Des valves poussant avec l’enfant

Il n’est pas rare qu’un enfant naisse avec une défaillance cardiaque: cela se produit dans 4 à 12 cas sur 1000, estiment les spécialistes. Cette malformation exige parfois que le médecin remplace l’une des valves cardiaques par une prothèse artificielle. Le patient doit alors revenir tous les 3 ou 4 ans sur la table chirurgicale, se faire ouvrir le thorax et poser une nouvelle valve adaptée à sa croissance. Ce calvaire, risqué médicalement et traumatisant pour l’enfant, touche-t-il à sa fin? Le Centre suisse de médecine régénérative à Zurich travaille sur une nouvelle valve produite à partir des cellules du patient… et capable de grandir avec celui-ci. «Nous n’aurions plus besoin de l’opérer au cours de sa croissance et nous réduirions les risques de rejet», se réjouit Simon Hoerstrup, directeur du centre.

«Je ne veux pas donner de faux espoir aux parents. Mais les premiers essais cliniques devraient avoir lieu dans deux ou trois ans», estime-t-il. Des tests concluants ont déjà été menés sur des agneaux. L’équipe de chercheurs a prélevé des cellules fœtales notamment, puis les a cultivées en laboratoire. «Nous les avons laissées se multiplier puis «semées» sur une structure biodégradable en forme de valve», explique-t-il.

Les obstacles sont encore nombreux: «Il y a moins de variabilité chez ces animaux que chez les enfants. Les cellules de chaque patient peuvent réagir différemment», prévient le professeur. L’Union européenne a investi 9,9 millions de francs pour le développement de cette «valve vivante». Simon Hoer­strup peut miser aussi sur le nouveau Wyss Translational Center, dont il est le coprésident, pour faciliter le transfert du monde de la recherche à celui de la clinique.

Sans acte chirurgical

Une société européenne, Xeltis, veut développer une approche plus radicale: elle souhaiterait que la nouvelle valve se forme au sein même du corps du patient, et non en laboratoire. Xeltis mise sur l’élaboration d’une matrice synthétique qui «attrape» les cellules, puis se résorbe d’elle-même. Si elle n’a pas encore relevé ce défi, elle a entamé les premiers essais cliniques pour la croissance spontanée de vaisseaux sanguins.

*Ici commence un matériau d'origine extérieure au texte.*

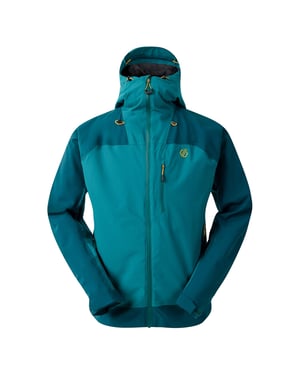 Dare 2B Mens Torrek II Waterproof Jacket (Dark Sea/Pacific Green)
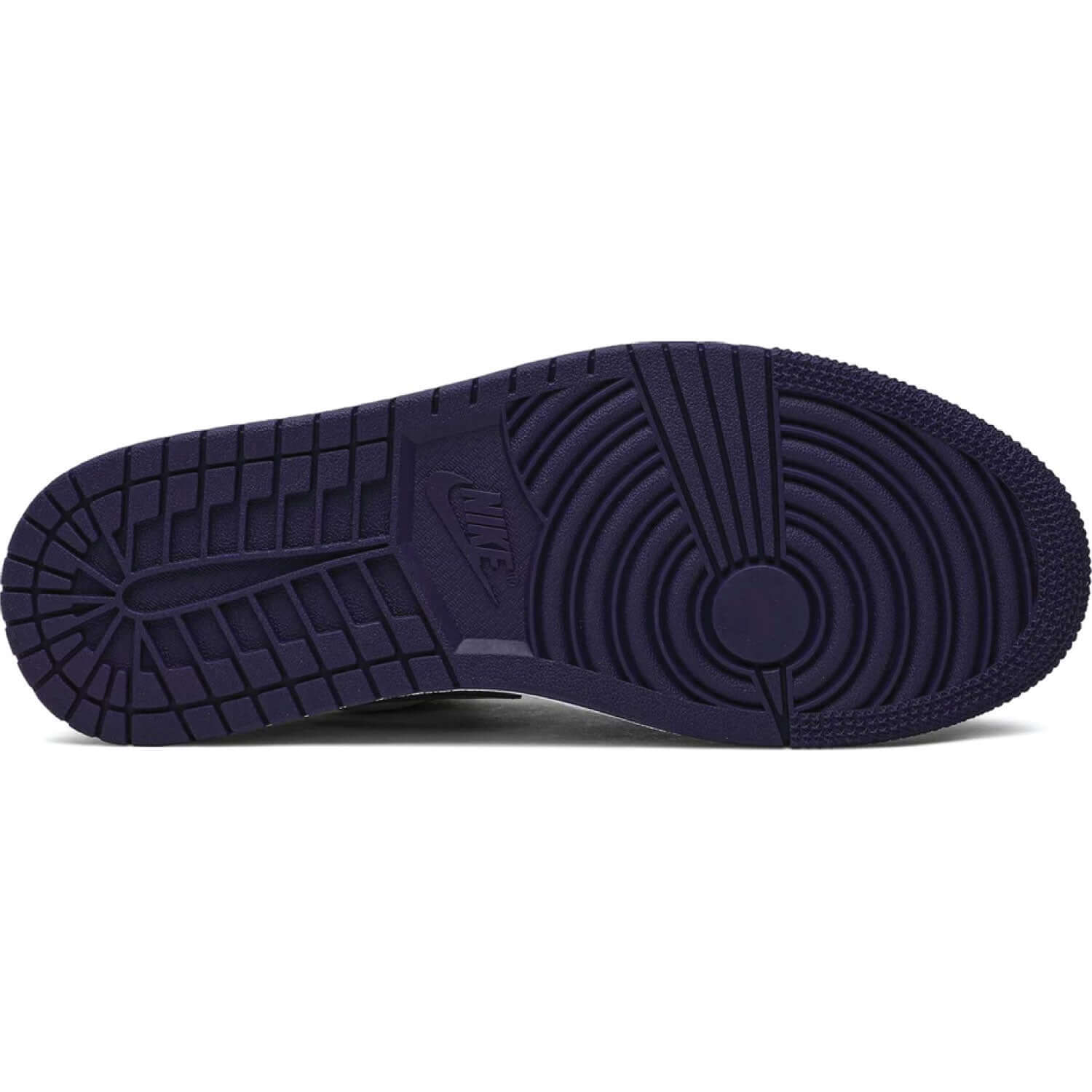 Air Jordan 1 Low Court Purple Sneakers - Men's Basketball Shoes for Casual Wear & Street Style Fashion - Perfect for Sports, Gym, and Everyday Outfits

En attendant, d’autres innovations viennent améliorer les valves plus traditionnelles. Le service de chirurgie cardio-vasculaire des HUG a adopté en 2014 de nouvelles valves aortiques qui n’ont pas besoin d’être cousues. «Le chirurgien gagne une quinzaine de minutes lors de l’opération à cœur ouvert. Ce qui permet de réduire les risques», explique Afksendiyos Kalangos, médecin-chef de service.

Le remplacement d’une valve obstruée est aussi possible sans acte chirurgical. En utilisant un cathéter, un tube souple, les médecins sont capables de remonter l’artère puis venir écraser les tissus de la valve calcifiée. Ils déposent ensuite une nouvelle valve. La technique est recommandée pour les personnes âgées, mais demeure inadaptée aux enfants, dont le diamètre de l’aorte est trop petit. C’est pourtant cette technique que compte reprendre l’équipe du professeur Simon Hoer­strup pour poser ses valves «vivantes».